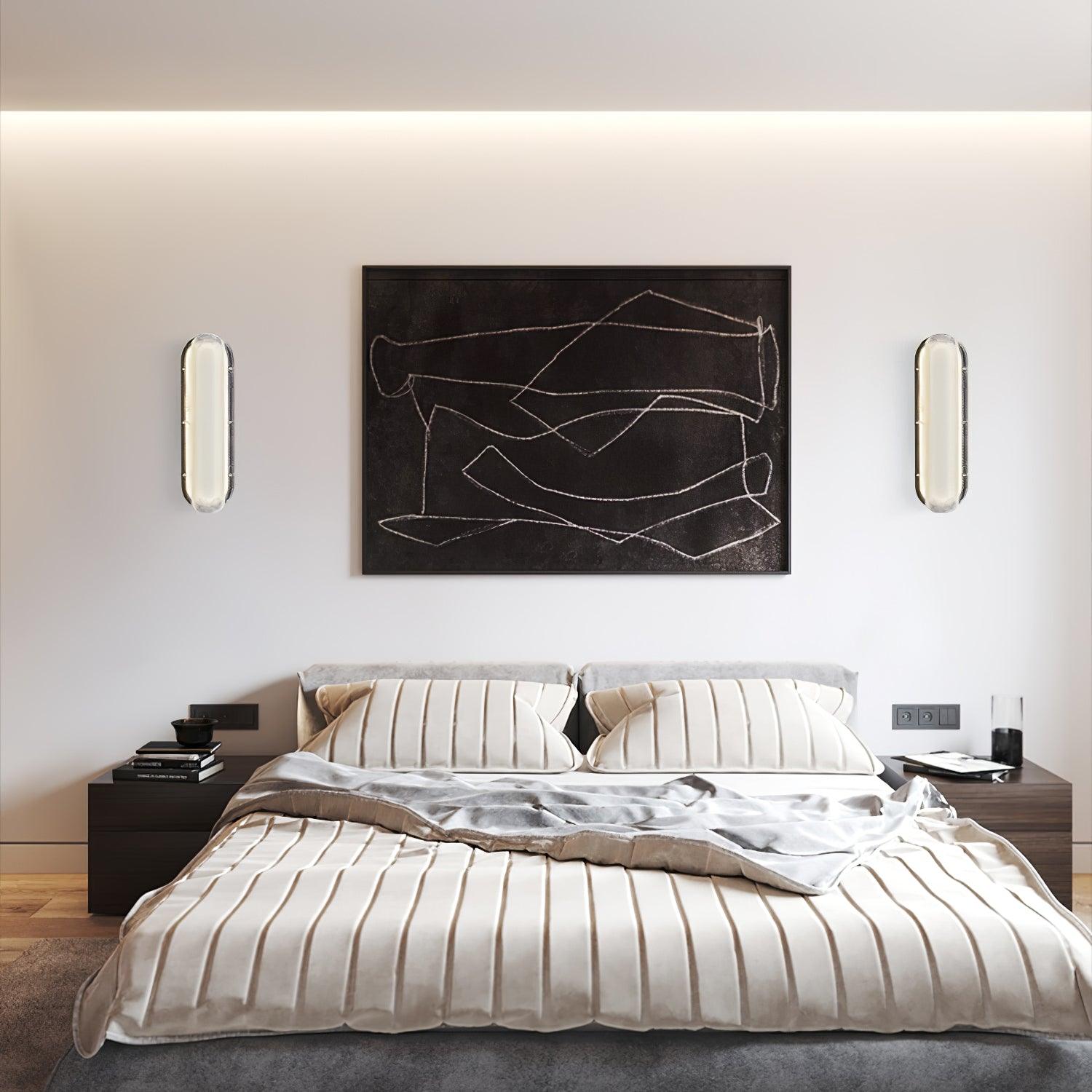 Pair of rounded glass wall lights flanking framed artwork above a bed and nightstands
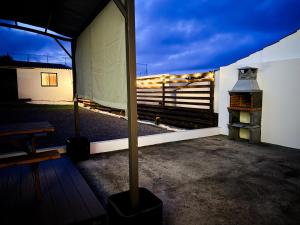 a room with a view of a balcony with a fireplace at Brisa do Nordeste in Nordestinho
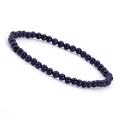 Macro detail of deep blue blue sand stone beaded bracelet with sparkling star effects - Blue Sandstone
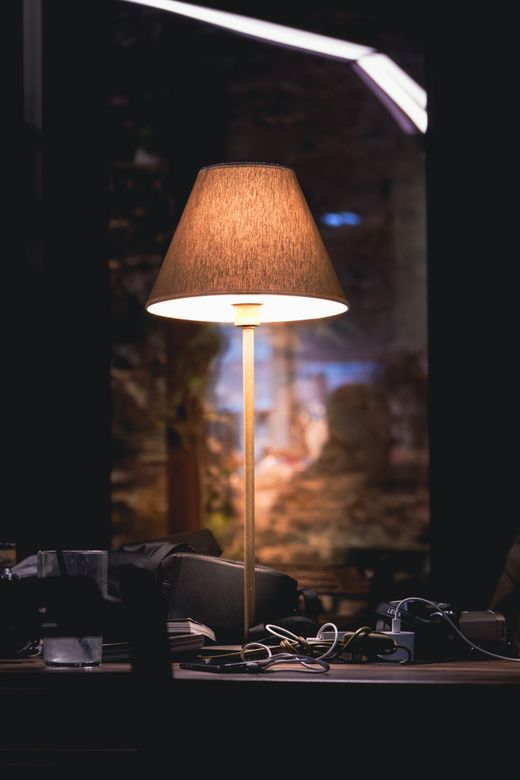 Warm desk lamp casting soft light across a dim workspace — Amine İspir on Pexels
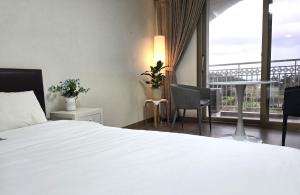 a bedroom with a white bed and a balcony at MJ Pension & Resort in Seogwipo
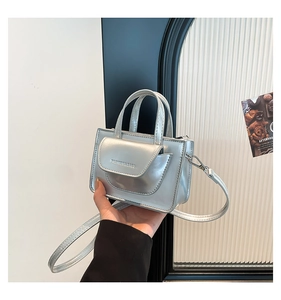 Detail of silver mini crossbody bag with embossed logo and sleek metallic finish
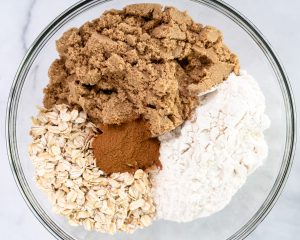 Top down view of crunch topping ingredients in a bowl including flour, oats, cinnamon, and brown sugar. Hostess At Heart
_ _ _ _ _ _ _
Lines from the one that contains "Detail of silver" through the last line of the data above are to be extracted exactly, with no pictures and no other lines.

COMPLETED EXERCISE ▸
 Detail of silver mini crossbody bag with embossed logo and sleek metallic finish
 Top down view of crunch topping ingredients in a bowl including flour, oats, cinnamon, and brown sugar. Hostess At Heart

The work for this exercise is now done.